# Challenging Placement Order



## moobags (Nov 13, 2013)

Hi

Not sure I am posting in the correct place but wanted to know if anyone had any experience or advice they could share with us.

We have been linked with a LO and BM has said she is appealing the placement order now we were told this 8 weeks ago and she has mentioned it again just wondered how long it takes for an appeal to be lodged and heard.

Have read that the BM would have had to have changed her life around which I think she may have done as she is no longer with BF.

Obviously we want wants best for the LO but the thought of losing what we have come to think of as our future child kills me.

Any words of wisdom would help, does she stand a good chance of getting the decision over turned I know that courts have been making some big decision recently.

Many thanks in advance.

Moo x


----------



## Sq9 (Jan 15, 2013)

I think it is either 14 or 21 days from the date the placement order is made that an appeal has to be filed so if bm is appealing she should have filed it by now. If you know the date of the order and which court granted it you could ring the court office and ask if notice of appeal has been filed. Good luck 😊


----------



## moobags (Nov 13, 2013)

The place,net order was made December last year so I guess the only thing she will be able to appeal is the adoption order when that is applied for.

Thanks Sq9 we asked out worker but she couldn't tell us.

Moo x


----------



## becs40 (Apr 9, 2013)

I think it's 21 days but that's to request leave to appeal. If that leave to appeal was granted then I don't know how long the appeal process actually is.


----------



## Primmer (May 1, 2012)

Think a lot of birth parents are obtaining leave to appeal placement order out of time i.e. after the 21 day period. We are linked to a lo and bm has sought legal advice on appealing placement order which was made over 12 months ago. She has not made application yet but we were told that despite deadlines she can apply any time up to making of adoption order.


----------



## crazyspaniel (Sep 12, 2012)

Our daughter was placed 2 years ago and the placement order was made about a year previously. Bm was given leave to appeal on the second day of intros, the judge had to give her enough time to prepare  case so we had prolonged intros of three weeks. As soon as the judge heard her case she was denied an appeal and our daughter was placed that day.
I think the judge heard the case asap because he knew bf history and knew that intros had started, you may end up waiting a bit longer


----------



## moobags (Nov 13, 2013)

I guess we just have to have faith and trust the system.

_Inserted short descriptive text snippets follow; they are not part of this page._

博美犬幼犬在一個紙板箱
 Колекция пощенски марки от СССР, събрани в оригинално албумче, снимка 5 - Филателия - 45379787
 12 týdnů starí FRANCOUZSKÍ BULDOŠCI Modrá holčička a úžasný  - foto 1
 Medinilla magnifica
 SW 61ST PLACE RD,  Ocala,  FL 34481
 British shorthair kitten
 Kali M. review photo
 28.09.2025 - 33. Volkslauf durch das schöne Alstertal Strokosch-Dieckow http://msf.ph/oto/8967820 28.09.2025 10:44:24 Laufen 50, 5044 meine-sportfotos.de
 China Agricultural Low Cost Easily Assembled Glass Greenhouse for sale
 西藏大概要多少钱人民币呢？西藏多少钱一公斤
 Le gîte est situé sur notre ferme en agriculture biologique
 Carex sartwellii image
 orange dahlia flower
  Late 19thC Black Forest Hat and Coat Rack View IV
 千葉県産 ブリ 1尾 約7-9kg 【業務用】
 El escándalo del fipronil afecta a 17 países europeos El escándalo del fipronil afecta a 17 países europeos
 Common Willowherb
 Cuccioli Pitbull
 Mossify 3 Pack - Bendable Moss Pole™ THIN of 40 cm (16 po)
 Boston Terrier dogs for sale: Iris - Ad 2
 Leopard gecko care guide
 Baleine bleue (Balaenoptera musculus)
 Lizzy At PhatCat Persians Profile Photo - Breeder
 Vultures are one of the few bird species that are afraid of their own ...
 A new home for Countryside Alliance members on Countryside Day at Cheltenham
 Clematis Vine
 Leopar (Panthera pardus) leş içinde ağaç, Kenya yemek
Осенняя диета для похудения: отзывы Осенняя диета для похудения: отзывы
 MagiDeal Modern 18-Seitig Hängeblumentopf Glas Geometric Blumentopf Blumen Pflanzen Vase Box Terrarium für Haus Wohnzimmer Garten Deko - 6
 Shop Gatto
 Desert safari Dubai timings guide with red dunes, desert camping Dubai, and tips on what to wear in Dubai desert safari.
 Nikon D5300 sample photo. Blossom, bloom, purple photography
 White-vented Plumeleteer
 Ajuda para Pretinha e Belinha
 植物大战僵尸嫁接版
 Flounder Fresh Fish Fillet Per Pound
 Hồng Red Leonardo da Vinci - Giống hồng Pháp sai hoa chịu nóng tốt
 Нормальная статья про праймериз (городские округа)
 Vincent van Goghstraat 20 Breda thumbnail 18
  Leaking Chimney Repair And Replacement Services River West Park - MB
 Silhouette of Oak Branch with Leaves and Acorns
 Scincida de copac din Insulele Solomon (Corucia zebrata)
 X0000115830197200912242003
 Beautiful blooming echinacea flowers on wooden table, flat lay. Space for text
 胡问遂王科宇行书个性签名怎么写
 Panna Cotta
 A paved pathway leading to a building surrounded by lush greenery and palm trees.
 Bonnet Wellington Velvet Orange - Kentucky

The courts are really strict at granting placement orders these days the workers have gsthered enough evidence etc so hopefully if appeal is lodged the courts will do the right thing by the children still doesn't stop feeling anxious about it all.

Moo x


----------



## moobags (Nov 13, 2013)

She has said twice before that she is appealing but nothing has yet been lodged just have to take things as they come which is not something at DH generally has the ability to do lol x


----------



## becs40 (Apr 9, 2013)

Why are they not placing lo? If over the normal timescales then they should just place. Once a child is placed BF can't appeal po they can only then appeal AO.


----------



## littlepoppy86 (Feb 14, 2014)

Moobags take care of yourself during this process. 

A lot of extra investigations into other options for children to remain in the birth family are being allowed and judges are granting birth parents more time to get a case together. 

My sons sibling had his PO contested and it was such an awful process, mainly because we had already met lo and had eldest bro, it all worked out in the end but there's a few ladies on here who've been to hell & back and child returned to BF 

Hope everything turns out ok xx


----------